Lastly, in Chapter 7 we have evaluated a role for TLR10, the sole anti-inflammatory TLR family member, in adipose tissue of humans and mice. Because mice do not express functional TLR10, we fed mice expressing human TLR10 a high-fat diet for 16 weeks. Unexpectedly, TLR10 did not attenuate the development of adipose tissue inflammation during obesity. Interestingly, however, mice carrying human TLR10 had reduced adipose tissue weight and adipocyte size, suggestive of a role for TLR10 in adiposity. In humans, obese but not lean individuals carrying single nucleotide polymorphisms (SNPs) in TLR10 had or tended to have lower circulating leptin and macrophage numbers in the adipose tissue, reflective of a role for TLR10 in the adipose tissue at states of low-grade chronic inflammation specifically.
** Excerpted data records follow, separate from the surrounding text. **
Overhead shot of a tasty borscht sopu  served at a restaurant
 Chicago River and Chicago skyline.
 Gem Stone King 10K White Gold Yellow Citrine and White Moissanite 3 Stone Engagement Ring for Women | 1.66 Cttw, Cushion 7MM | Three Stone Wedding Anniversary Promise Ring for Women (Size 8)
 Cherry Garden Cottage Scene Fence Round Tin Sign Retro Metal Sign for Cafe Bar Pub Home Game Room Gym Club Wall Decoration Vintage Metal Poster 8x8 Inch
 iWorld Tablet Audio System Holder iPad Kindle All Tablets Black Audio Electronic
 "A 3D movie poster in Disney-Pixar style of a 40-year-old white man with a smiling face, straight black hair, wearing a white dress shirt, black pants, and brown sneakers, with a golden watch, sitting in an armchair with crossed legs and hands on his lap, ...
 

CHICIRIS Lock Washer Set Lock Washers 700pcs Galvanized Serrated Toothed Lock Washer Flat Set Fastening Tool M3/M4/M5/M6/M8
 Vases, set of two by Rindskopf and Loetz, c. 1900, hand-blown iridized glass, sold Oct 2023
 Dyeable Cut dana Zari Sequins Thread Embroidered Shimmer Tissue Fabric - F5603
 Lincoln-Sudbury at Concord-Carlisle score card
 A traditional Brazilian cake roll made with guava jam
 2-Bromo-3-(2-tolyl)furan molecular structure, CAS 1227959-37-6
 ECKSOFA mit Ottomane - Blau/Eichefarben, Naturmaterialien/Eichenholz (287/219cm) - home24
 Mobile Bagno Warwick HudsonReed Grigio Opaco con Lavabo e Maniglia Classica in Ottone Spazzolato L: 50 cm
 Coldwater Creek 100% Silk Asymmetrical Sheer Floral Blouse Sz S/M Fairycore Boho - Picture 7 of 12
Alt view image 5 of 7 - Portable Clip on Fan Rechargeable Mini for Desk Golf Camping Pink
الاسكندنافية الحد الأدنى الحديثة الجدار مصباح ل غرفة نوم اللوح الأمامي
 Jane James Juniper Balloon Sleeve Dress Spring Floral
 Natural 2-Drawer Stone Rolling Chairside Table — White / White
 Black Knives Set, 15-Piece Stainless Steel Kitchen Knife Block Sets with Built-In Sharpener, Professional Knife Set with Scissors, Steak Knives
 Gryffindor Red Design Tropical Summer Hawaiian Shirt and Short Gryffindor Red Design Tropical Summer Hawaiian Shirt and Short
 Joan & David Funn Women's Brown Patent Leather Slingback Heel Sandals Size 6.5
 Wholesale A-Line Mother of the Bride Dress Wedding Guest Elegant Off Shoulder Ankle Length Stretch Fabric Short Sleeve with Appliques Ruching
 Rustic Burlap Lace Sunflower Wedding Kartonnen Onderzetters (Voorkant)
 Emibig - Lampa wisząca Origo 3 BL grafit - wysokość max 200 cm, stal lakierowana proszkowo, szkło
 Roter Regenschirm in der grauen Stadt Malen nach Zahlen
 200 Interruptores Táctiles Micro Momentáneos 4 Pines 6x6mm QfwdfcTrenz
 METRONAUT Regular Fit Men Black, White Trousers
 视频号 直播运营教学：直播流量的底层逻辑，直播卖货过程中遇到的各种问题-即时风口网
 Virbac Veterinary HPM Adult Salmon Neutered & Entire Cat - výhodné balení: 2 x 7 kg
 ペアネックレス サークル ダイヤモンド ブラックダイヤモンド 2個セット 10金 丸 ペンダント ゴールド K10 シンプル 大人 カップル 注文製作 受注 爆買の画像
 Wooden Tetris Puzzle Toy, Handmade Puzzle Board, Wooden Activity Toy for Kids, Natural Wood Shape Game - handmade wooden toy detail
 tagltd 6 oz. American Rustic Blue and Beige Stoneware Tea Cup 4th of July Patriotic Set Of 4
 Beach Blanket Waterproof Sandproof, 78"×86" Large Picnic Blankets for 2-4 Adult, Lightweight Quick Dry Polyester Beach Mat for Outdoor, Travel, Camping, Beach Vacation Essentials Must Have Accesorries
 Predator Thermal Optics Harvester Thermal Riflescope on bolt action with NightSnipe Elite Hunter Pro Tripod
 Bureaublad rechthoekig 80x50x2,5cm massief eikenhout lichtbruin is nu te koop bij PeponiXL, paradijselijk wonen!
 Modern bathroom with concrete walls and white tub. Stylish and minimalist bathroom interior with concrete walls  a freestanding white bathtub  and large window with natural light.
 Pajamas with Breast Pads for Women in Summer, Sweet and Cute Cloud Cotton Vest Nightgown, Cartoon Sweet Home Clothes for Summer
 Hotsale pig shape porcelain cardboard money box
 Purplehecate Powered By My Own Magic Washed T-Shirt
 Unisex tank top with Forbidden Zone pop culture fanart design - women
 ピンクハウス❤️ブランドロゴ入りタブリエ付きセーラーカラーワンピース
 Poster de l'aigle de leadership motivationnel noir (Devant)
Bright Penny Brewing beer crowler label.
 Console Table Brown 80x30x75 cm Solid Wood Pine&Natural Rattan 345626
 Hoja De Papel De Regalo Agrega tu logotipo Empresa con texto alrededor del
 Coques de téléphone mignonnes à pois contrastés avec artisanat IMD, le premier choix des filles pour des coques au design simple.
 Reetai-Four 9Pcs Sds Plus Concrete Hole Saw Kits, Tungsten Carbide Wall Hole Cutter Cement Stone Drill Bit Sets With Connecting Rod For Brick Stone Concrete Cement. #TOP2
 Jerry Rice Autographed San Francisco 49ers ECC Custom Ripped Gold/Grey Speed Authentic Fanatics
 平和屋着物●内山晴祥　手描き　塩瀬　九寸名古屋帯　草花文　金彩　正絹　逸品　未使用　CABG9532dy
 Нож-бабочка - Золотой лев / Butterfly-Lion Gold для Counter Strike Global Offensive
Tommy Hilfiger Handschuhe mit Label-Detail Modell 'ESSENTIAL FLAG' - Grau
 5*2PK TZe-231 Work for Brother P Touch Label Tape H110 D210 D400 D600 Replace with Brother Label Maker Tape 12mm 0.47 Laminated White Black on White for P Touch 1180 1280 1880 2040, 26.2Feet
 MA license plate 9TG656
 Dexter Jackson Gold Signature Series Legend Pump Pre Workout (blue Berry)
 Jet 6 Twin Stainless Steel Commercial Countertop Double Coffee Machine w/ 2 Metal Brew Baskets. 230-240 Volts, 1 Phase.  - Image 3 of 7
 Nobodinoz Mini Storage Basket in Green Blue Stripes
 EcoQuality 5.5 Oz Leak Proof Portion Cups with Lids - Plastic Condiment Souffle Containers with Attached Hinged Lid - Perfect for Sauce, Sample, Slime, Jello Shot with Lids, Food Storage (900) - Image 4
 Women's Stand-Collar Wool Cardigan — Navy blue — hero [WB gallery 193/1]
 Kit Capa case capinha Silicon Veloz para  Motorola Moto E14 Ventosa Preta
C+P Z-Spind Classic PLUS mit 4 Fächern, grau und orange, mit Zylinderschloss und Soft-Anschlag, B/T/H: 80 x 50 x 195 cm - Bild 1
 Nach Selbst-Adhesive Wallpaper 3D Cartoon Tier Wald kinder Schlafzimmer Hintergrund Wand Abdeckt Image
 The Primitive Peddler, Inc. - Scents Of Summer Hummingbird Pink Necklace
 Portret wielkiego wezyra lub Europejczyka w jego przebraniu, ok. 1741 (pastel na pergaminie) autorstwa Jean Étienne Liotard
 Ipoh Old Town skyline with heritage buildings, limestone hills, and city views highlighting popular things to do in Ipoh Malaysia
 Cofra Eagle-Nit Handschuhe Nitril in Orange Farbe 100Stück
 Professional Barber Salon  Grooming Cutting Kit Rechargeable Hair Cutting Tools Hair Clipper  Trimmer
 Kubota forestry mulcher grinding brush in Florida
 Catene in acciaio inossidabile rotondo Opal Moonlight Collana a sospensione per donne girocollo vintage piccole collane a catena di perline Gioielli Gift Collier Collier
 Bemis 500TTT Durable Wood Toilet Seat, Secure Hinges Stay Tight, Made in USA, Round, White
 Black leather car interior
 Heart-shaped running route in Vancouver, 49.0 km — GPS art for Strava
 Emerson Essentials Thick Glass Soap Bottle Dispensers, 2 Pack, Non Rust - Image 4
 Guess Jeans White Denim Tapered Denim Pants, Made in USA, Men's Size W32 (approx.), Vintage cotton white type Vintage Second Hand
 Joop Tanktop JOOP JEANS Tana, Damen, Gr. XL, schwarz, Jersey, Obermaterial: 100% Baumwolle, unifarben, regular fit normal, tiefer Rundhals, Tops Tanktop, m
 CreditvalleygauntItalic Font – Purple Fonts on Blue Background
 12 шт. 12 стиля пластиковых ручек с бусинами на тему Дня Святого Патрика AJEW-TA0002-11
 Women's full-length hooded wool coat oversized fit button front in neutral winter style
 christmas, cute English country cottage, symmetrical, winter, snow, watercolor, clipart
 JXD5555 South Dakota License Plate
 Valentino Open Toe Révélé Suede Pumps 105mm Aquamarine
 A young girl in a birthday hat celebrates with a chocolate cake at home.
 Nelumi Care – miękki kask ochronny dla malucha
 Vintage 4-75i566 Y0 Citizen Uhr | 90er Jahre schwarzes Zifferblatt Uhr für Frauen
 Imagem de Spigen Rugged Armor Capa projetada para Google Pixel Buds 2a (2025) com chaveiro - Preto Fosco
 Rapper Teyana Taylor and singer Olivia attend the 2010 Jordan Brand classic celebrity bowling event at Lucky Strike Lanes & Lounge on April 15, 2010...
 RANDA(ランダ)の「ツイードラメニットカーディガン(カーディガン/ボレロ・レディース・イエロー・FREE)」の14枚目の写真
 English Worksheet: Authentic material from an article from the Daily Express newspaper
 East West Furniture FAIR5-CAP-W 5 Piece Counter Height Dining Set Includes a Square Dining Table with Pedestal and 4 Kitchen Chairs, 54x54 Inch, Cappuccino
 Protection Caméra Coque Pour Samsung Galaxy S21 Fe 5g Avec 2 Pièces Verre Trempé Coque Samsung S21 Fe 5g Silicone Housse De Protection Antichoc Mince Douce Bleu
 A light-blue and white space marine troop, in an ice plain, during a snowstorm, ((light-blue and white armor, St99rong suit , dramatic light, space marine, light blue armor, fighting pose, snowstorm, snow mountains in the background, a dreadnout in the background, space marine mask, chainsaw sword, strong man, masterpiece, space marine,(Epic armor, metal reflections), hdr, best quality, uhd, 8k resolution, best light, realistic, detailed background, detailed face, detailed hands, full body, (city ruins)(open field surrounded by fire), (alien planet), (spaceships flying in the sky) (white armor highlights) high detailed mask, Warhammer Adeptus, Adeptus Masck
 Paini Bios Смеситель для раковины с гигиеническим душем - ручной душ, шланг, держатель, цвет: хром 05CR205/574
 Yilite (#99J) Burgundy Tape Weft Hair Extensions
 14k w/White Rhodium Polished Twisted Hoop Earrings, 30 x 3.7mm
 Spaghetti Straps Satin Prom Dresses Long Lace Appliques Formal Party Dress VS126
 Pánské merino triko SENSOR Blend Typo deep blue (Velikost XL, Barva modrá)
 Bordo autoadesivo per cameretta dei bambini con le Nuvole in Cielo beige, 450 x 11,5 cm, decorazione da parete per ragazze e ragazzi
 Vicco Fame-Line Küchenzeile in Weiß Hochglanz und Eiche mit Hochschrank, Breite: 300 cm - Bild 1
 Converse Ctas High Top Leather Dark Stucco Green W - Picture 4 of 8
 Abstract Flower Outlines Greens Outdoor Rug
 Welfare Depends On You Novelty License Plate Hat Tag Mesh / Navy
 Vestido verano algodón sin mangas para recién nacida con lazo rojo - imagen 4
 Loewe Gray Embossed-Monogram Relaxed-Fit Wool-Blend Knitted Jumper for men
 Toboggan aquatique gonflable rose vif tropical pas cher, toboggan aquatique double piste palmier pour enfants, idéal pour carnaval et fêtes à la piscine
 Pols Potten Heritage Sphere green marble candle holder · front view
In conclusion, we have revealed macrophage metabolic reprogramming to be stimulus-driven and location-specific and crucial for fuelling functional output in line with specific environmental demands. In the adipose tissue, lipid handling is central to macrophage functioning, yet ATMs appear to be overwhelmed by lipids during obesity. From a therapeutic point of view, we propose stimulation of FA oxidation to support ATM functioning according to increasing demands of the obese adipose tissue environment, while simultaneously driving them away from glycolysis that appeared to critically underlie their pro-inflammatory trait. Future studies, however, are warranted to clarify the therapeutic potential of raising mitochondrial FA oxidation in ATMs of obese individuals.